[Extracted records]
------------------------------------------------------------------------

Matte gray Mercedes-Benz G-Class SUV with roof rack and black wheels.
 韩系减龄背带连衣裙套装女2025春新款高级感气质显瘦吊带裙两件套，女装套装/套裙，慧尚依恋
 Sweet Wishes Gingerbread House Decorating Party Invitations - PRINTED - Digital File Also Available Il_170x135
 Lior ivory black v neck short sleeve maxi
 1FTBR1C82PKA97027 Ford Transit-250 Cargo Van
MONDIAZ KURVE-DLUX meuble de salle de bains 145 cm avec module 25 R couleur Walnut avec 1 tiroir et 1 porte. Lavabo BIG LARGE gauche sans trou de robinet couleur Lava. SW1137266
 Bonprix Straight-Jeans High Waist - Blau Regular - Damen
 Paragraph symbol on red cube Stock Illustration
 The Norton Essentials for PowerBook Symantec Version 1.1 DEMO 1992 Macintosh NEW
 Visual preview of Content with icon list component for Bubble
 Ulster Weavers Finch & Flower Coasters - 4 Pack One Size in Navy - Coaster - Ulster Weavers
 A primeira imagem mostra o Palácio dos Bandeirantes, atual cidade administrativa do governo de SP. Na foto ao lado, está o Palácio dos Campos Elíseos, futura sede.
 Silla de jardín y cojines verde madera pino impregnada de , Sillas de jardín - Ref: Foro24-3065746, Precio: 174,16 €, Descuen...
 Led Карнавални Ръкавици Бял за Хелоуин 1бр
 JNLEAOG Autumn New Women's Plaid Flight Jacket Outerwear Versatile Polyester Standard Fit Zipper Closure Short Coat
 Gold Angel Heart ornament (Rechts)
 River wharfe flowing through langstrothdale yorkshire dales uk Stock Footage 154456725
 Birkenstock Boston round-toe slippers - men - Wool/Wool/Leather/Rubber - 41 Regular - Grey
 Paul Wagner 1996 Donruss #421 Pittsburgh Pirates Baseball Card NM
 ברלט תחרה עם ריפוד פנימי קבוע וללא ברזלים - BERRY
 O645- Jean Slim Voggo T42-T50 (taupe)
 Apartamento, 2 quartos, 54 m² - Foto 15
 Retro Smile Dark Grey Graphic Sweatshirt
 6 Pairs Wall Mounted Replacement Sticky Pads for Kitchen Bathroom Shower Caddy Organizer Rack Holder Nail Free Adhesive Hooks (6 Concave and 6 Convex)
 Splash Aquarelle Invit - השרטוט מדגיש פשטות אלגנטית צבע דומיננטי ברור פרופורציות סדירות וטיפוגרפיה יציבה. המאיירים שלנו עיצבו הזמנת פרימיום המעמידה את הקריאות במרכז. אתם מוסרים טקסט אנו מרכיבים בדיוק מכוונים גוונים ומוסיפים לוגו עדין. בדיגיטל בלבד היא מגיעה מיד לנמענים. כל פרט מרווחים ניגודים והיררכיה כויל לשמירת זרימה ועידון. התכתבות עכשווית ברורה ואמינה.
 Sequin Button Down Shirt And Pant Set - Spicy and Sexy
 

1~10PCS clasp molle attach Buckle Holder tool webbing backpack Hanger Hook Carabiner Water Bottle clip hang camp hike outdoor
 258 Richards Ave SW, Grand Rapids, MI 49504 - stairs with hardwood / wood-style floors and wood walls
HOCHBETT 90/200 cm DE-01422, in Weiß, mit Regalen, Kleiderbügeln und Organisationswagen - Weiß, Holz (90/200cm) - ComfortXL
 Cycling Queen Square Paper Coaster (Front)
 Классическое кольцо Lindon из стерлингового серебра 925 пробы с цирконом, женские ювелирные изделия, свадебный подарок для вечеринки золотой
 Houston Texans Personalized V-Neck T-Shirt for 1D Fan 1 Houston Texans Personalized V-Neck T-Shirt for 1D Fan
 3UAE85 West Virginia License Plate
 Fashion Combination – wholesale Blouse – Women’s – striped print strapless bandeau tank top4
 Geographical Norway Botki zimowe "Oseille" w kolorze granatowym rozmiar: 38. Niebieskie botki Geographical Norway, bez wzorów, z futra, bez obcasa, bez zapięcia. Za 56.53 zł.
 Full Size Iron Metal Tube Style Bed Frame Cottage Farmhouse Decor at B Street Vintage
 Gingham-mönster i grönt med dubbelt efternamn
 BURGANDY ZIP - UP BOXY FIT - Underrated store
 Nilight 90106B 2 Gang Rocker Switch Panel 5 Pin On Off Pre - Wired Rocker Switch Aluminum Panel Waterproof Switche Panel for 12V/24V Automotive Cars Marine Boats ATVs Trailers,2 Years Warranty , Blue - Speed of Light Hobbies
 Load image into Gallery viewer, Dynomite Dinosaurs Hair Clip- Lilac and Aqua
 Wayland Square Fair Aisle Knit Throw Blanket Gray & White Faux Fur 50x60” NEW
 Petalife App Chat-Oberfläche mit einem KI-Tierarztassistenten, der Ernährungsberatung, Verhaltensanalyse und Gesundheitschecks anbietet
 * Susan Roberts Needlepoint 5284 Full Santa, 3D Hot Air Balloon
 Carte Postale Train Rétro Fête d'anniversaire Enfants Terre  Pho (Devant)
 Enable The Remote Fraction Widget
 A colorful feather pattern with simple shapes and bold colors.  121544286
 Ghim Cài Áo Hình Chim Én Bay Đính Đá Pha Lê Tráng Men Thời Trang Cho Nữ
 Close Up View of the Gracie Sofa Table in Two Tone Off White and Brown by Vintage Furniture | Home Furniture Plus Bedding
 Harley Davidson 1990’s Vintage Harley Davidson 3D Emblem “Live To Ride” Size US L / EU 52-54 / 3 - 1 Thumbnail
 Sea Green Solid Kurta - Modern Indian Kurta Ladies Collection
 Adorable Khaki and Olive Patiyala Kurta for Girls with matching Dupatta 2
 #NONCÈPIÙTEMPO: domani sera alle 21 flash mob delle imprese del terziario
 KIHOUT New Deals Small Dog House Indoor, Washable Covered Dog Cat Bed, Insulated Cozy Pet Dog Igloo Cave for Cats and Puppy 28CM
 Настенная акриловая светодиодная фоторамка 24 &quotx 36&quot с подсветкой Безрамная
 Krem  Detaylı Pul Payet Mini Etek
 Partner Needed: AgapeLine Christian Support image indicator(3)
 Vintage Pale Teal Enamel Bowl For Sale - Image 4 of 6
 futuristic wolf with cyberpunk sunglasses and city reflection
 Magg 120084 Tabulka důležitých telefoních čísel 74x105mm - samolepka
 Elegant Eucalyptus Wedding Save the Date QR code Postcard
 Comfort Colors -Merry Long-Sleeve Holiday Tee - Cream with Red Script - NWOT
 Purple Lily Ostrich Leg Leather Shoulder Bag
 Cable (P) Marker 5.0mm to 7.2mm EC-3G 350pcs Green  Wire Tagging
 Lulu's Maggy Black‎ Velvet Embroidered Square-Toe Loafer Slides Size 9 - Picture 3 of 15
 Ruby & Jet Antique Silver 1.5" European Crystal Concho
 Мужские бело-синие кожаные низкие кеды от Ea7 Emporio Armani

------------------------------------------------------------------------

— Task statement —
Which lines above include the string "Coaster"? Show them.

— Answer to the exercise —
 Ulster Weavers Finch & Flower Coasters - 4 Pack One Size in Navy - Coaster - Ulster Weavers
 Cycling Queen Square Paper Coaster (Front)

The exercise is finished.